Era 2021, um ano após o início da pandemia de coronavírus, e enquanto ele se sentava, Patel compartilhou que acabara de ver um paciente na faixa dos 40 anos com colangiocarcinoma, um câncer raro e letal dos ductos biliares que normalmente atinge pessoas na faixa dos 70 e 80 anos. Inicialmente, houve silêncio, e então um colega após o outro disse que recentemente havia tratado pacientes com diagnósticos semelhantes. Em um ano após aquela reunião, o consultório havia registrado sete casos desse tipo.
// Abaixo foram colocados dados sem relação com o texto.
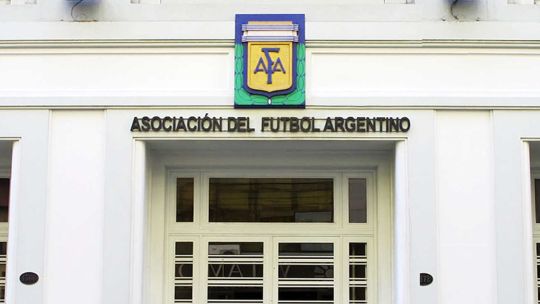 La AFA salió al cruce de las acusaciones: defendió los acuerdos actuales y denunció un intento de «desestabilización»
“Estou na prática há 23 anos e nunca vi nada parecido”, lembrou depois Patel, CEO da Carolina Blood and Cancer Care Associates. Asutosh Gor, outro oncologista, concordou: “Todos nós ficamos abalados”.

Havia também outras coisas estranhas: vários pacientes lidando com múltiplos tipos de câncer surgindo quase simultaneamente, e mais de uma dúzia de novos casos de outros cânceres raros.

Cada vez mais, Patel ficava com um pensamento inquietante: Será que o coronavírus estaria inflamando as brasas do câncer?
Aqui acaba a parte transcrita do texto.